26.03.2024 - von Europarat, Hanne Schweitzer

Als Vorbild taugt sie nicht, die Bundesrepublik Deutschland. Die Menschenrechtskommissarin des Europarats verweist die Sonntagsreden der PolitikerInnen von rot, grün und gelb ins Land der Märchen. Die Wirklichkeit sieht anders aus. Unübersehbar sind in den letzten Jahren die Missstände in diesem Land geworden. Einige zählt die für Menschenrechte zuständige Kommissarin des Europarats in ihrem Bericht auf.

- Armut von Kindern, Älteren und Menschen mit Behinderungen

- Zu wenig bezahlbarer Wohnraum, nicht einmal ein Aktionsplan zur Überwindung von Obdachlosigkeit wurde verabschiedet

- Rechtlosigkeit von Kindern und Jugendlichen

- nur geringe Fortschritte bei den Rechten von Behinderten und bei der Barrierefreiheit

- Gleichstellung ist kein Thema.

- Zeitplan für ein neues Antidiskriminierungsgesetz fehlt.

- Befugnisse des Menschenrechtsinstituts und der Antidiskriminierungsstelle haben kein europäisches Niveau.

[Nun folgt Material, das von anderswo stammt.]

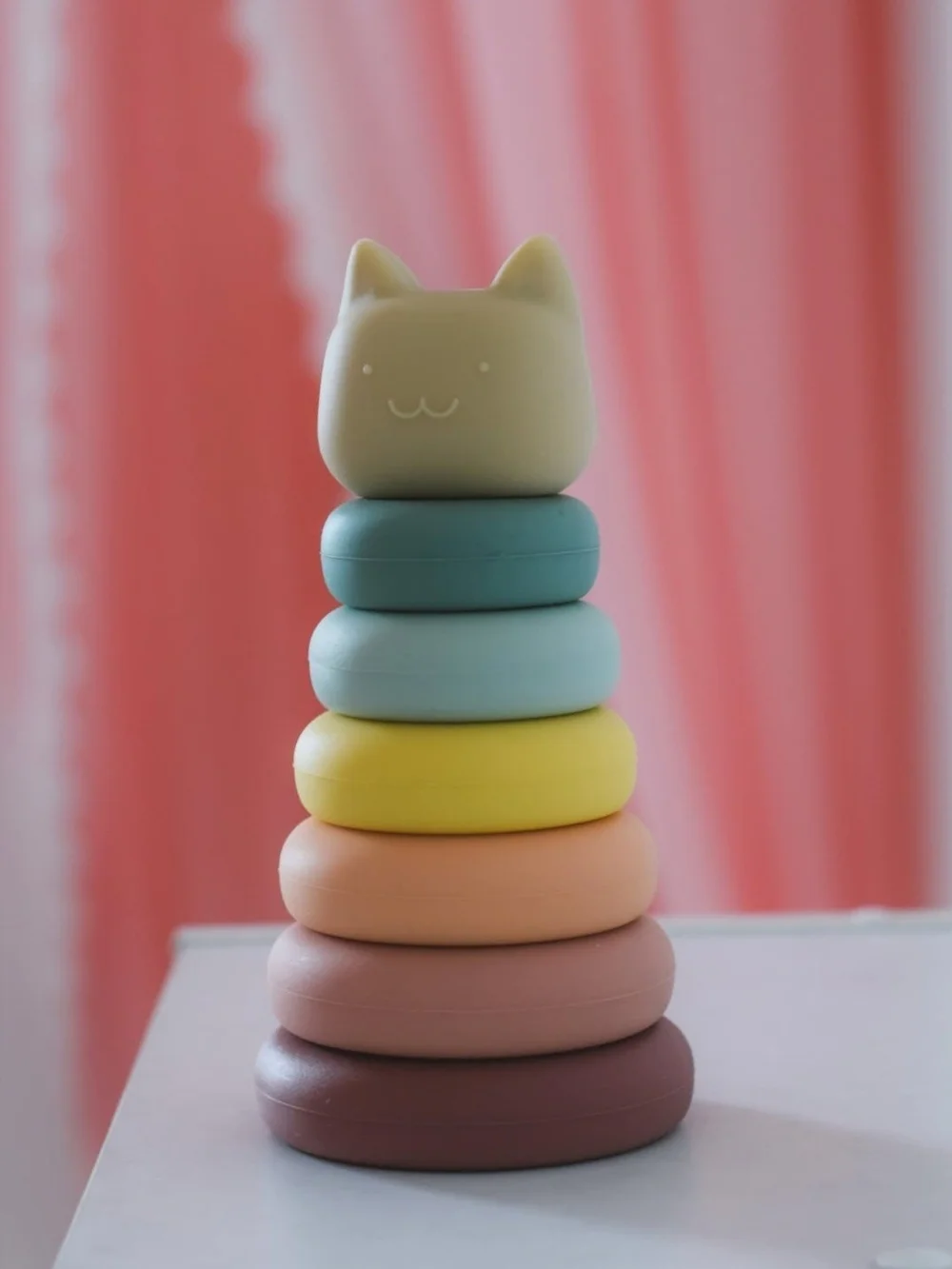 Cat Stacking Toy Montessori Rainbow Pastel Kids Learning Sensory Toy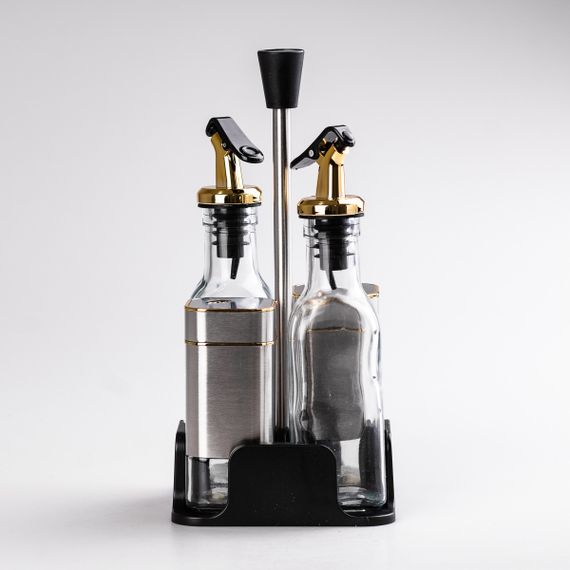 Набор для специй на подставке 4 предмета бутылочки для масла и уксуса | Зображення 1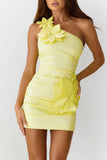 Sun Soaked Flower One Shoulder Mini Dress Yellow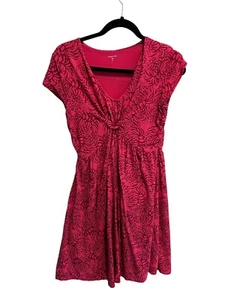 GARNET HILL Womens Dress Pink GARDEN PARTY Jersey Knit Short Sleeve Sz 6 - Picture 1 of 5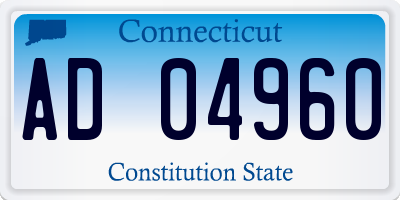 CT license plate AD04960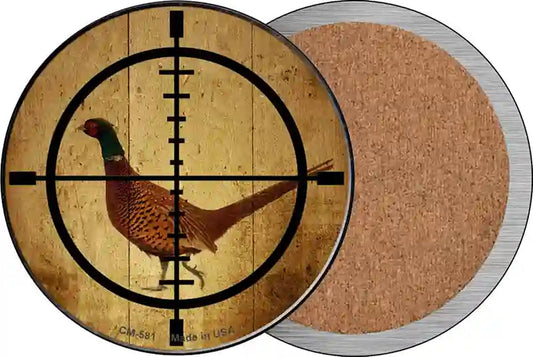 Pheasant Hunter Novelty Circle Coaster Set of 4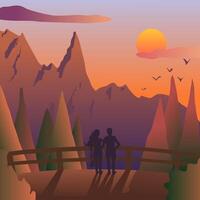 joven hombre y mujer abrazando a atardecer, mirando hacia montaña rangos y bosque terminado cuales el Dom es ya torneado naranja. ilustración amor relación familia vida en naturaleza en un viaje vector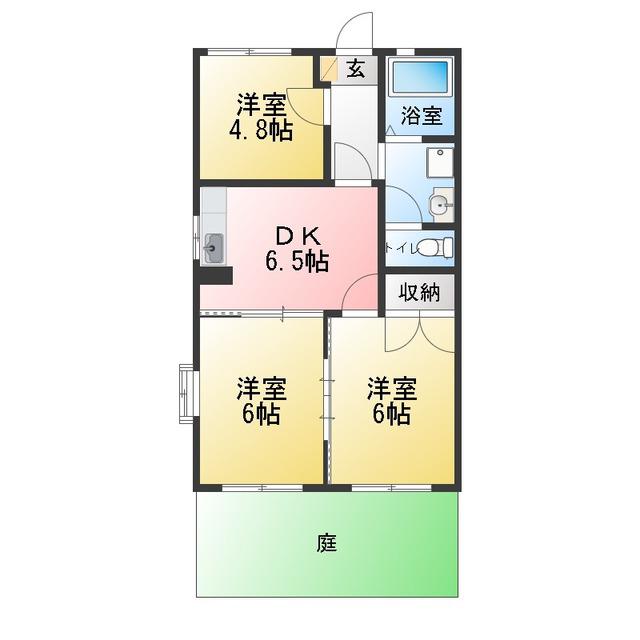 グランパルク(3DK/1階)の間取り写真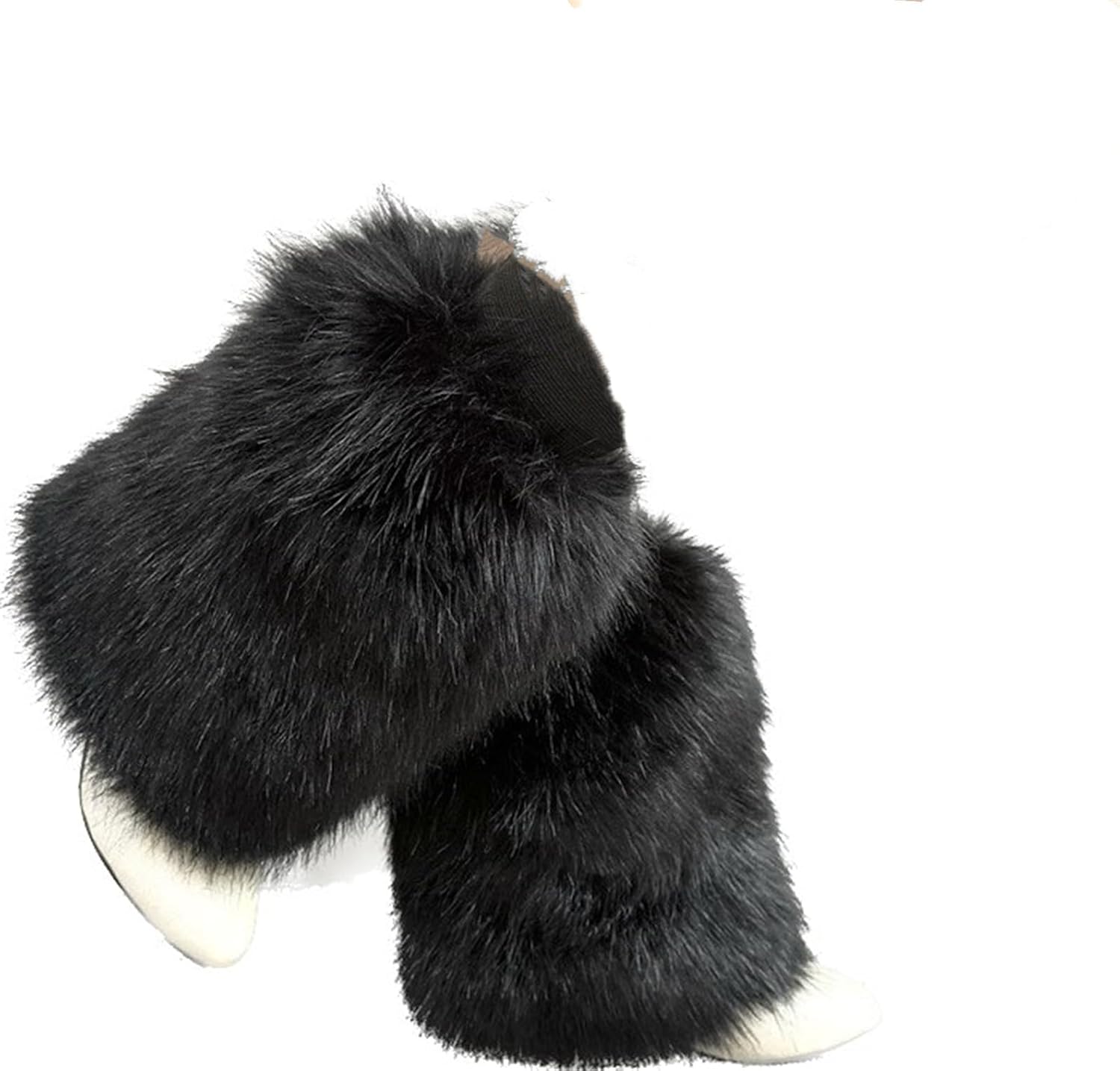 Women's Winter Furry Mid-Calf Leg Warmers With Fluffy Big Real Raccoon Fur Warm Leg Covers For Snow Boots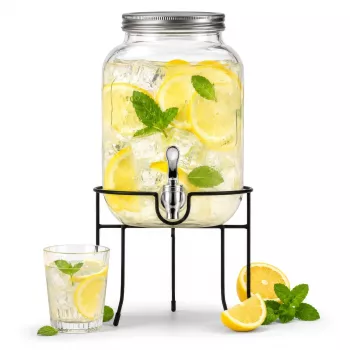 Adler AD 6741 posuda za piće sa slavinom i metalnim postoljem, 4 l, soda-lime staklo, navojni poklopac, rezervna slavina uključena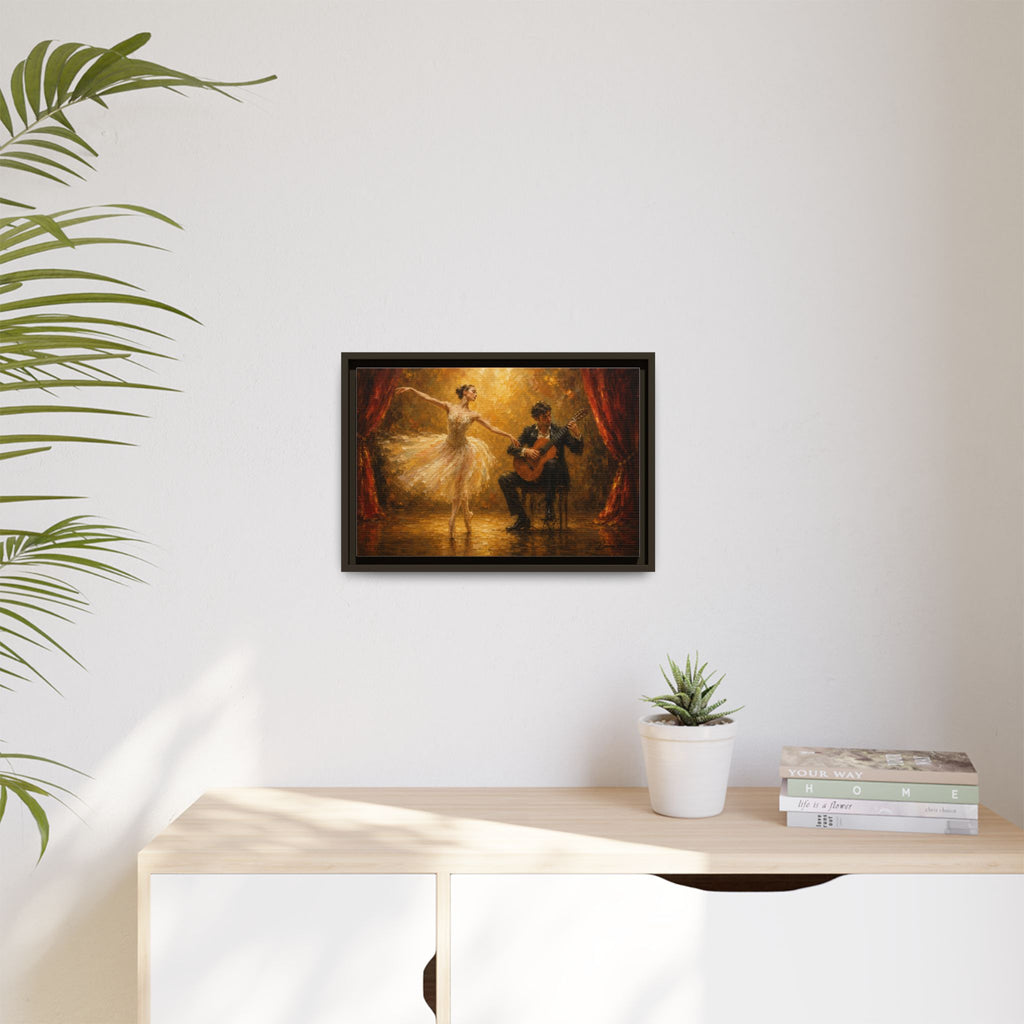 Ballet Dancer & Guitarist Framed Canvas Wall Art — Oil-Style Performance Print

- Das allgemeine Bewusstsein für Menschenrechte ist niedrig.
H.S.


Die Menschenrechtskommissarin des Europarats, Dunja Mijatovi, veröffentlichte am 19.3.2024 den Bericht über ihren Besuch in Deutschland vom 27. November bis 1. Dezember 2023 mit Empfehlungen zu den verfügbaren Strukturen und rechtlichen Rahmenbedingungen für den Schutz von Menschenrechten und zum Zugang zu sozialen Rechten, insbesondere dem Schutz vor Armut und dem Recht auf angemessenen Wohnraum.

Die Regierung hat begrüßenswerte Schritte unternommen, um das Sozialsystem zugänglicher zu machen und soziale Sicherungsleistungen anzuheben. Es sind jedoch weitere Anstrengungen erforderlich, um gegen die wachsende Ungleichheit in Deutschland anzugehen, bestehende Hürden beim Zugang zu sozialen Rechten zu beseitigen und die negativen Langzeitfolgen von Armut auf die individuelle Gesundheit, Bildung und Beschäftigungsaussichten zu minimieren.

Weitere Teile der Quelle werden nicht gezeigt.